Ömrü boyunca aklını doldurmaya çalışsa da buna gücü yetmez, o denli geniş ve büyüktür insanın aklı. Kendisinin farkında olmayan, yaptığı rutinleşmiş işinden başka bir şey bilmeyeceğine inanan. Böyle gelmiş, böyle gider klişesiye kendi hayatını kolayca berbat eden, yeri geldiğinde bir filozof kadar düşünceli hareket eden varlıktır insan. “Kendi kıymetini ne zaman mı anlar?” İki şekilde, birincisi hastalıktadır; Hastalık insanın aklını başına getiren en gerekli şeylerden biridir. “Hayat kısa, ölüm her an başucunda, nereye gidiyorsun, dur bi soluklan, bir fincan nane limon iç” diyor bize. Hastalık: Hayat yolunda ilerlerken, bir uzun yol otobüsünün belirli dinlenme tesislerinde durması gibi bir durumdur. Kişinin kendi aklını toparlamasını sağlar. Bu durumdan şikâyet etmeyenimiz yoktur. Aklını başına getirir insanın ama kısa bir süreliğine… Yataktan kalktıktan sonra bir gün geçmeden eski haline döner insan. İkincisi de ölümüne yakın zamanlardır; Çocuksu bir ruh yerleşir bedenine, küser, darılır, en ufak bir şeyde naralar atar, aradan beş dakika geçer yine yüzünün güldüğüne şahit olursunuz. Aklı başına gelir; asıl ne yapacağını bildiği zamandır. Bacakları tutmaz, kollar kalkmaz. 

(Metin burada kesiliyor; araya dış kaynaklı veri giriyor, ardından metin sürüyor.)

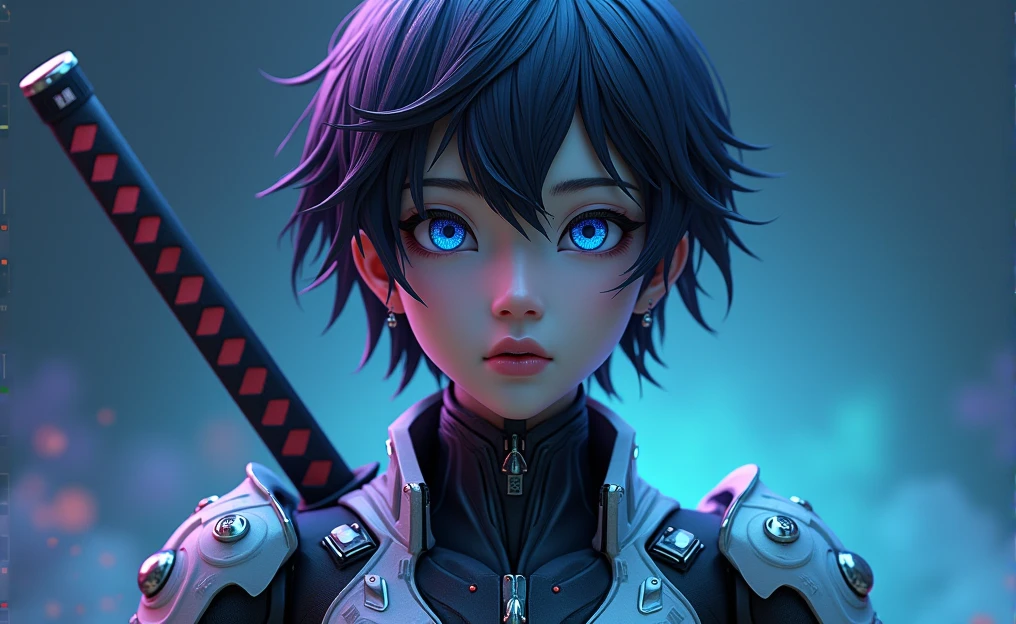 The figure of a young Asian male showing strength and determination, with short dark hair with mobility like water, almost unreal pale complexion and lips of a color somewhat similar to her complexion and robotic clothing carrying a katana, Deep blue eyes and some kind of transparent robotic eye covers and a determined look, The background is cyberpunk in deep blue and purple colors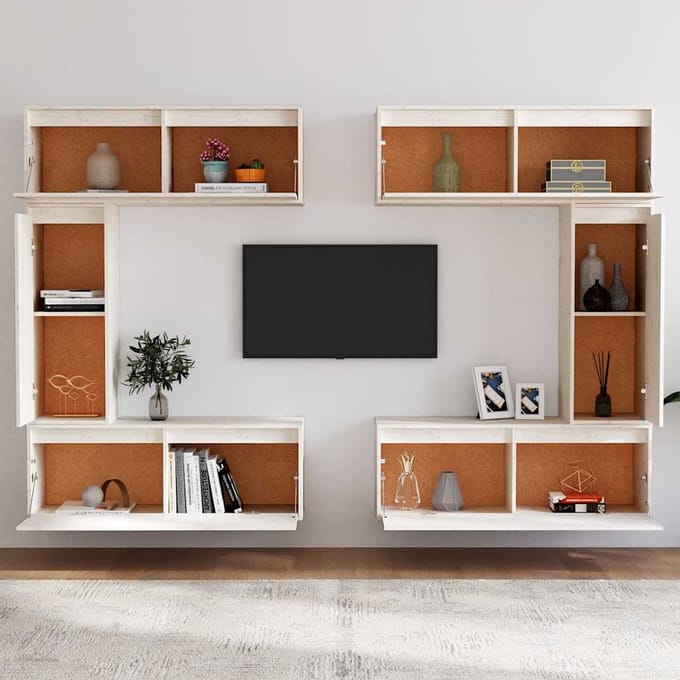 vidaXL - Tv-meubelen - 6 - st - massief - grenenhout - wit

Yıllar önce çalıştığım bir işyerinin karşı tarafında ihtiyar bir usta vardı. İstanbul gibi bir yerde onlarca evi, arabaları, yazlığı ve dükkanları olmasına rağmen sabah erkenden gelir, dükkanını açar ve çayını bizzat kendisi demlerdi. O zamanlar 18 yaşımdayım. Arada bir on çayında dükkanın kapısının önünde otururduk ve yanımıza gelir sohbet ederdi bizimle. Bana bir şey söylemişti, hala aklımdadır. “Şu andaki aklım ile hiçbir evim, arabalarım, dükkanlarım olmasaydı, sadece senin yaşında olsaydım. İki seneye kalmaz şu andaki sahip olduğum her şeye sahip olurdum.” demişti. 

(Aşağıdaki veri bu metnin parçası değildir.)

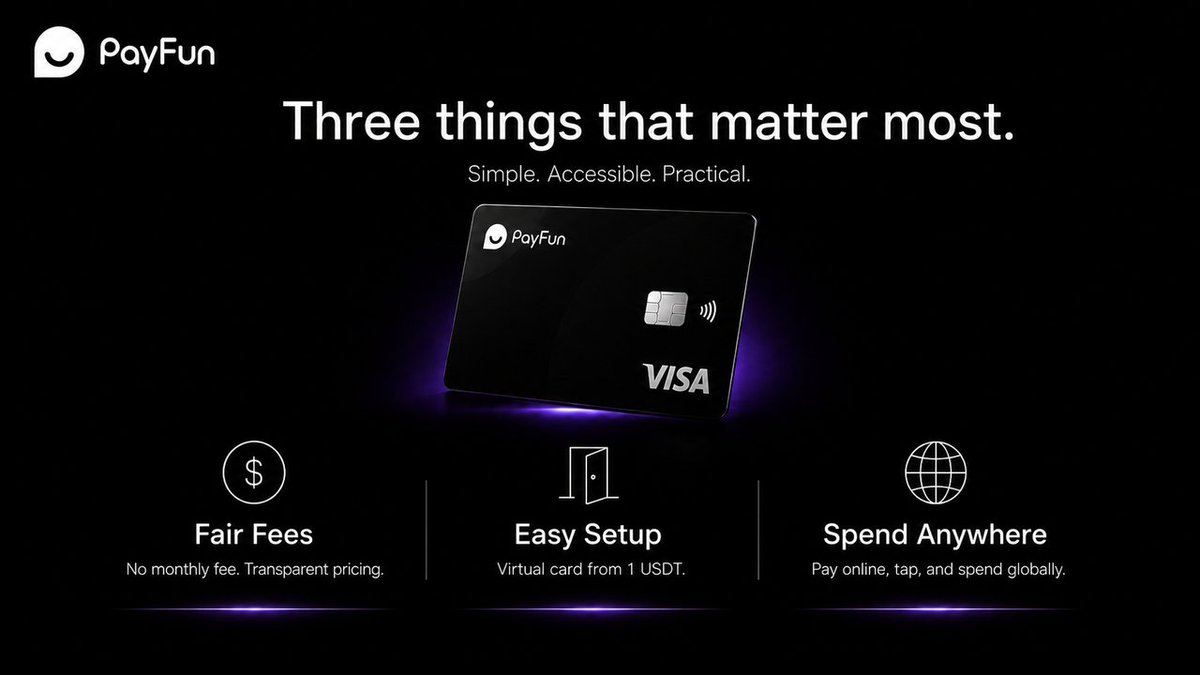 PayFunOfficial's tweet photo. When choosing a crypto payment card, these three things matter most.

PayFun Card is designed with your needs in mind:
💰 Transparent & fair fees — No monthly fees, zero top-up fees, and clear transaction costs 
✅Easy to get started — Get a virtual card from just 1 USDT with seamless KYC, no bank account required 
🌍 Works wherever you go — Online shopping, streaming subscriptions, Apple Pay/Google Pay, and global Visa acceptance

Simple. Accessible. Practical.
#PayFunCard #CryptoCard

Bir delikanlı gibi çalışıyor, zekice davranıyor ve elinden hiçbir iş kurtulmuyordu. Geriye baktığımız zaman hayatı anlamış, görmüş insanların nasihatlerini, paylaştıkları fikirleri yaşımız ilerledikten sonra anlıyoruz. İlk anlatıldığında kulağımızın ardına atıyoruz orada kalıyor. Anlamamız gerektiği zaman yolumuza çıkıyor, kendimizi onu duymaya mecbur hissediyoruz. Hüzün biter, alışkanlıklar biter, sevgi bitmez, mutluluğu birçoğu para ile alacağını düşündüğünden mutsuzluklarını parasız olduklarına bağlarlar. Yaşam kısa, öğrenecek çok şey var. Mutlu olmak zor değil. Kendimizi en çok kaybettiğimiz zaman kendimize bir iyilik yapalım, bir çocuğu sevindirdiğimiz anda kafasını ellerimizin arasına alıp o ışıltılı gözlerine bakalım. O zaman fark ederiz nerelerde neleri eksik bıraktığımızı…

Servet Saygınoğlu – Boş mu verelim dünyaya?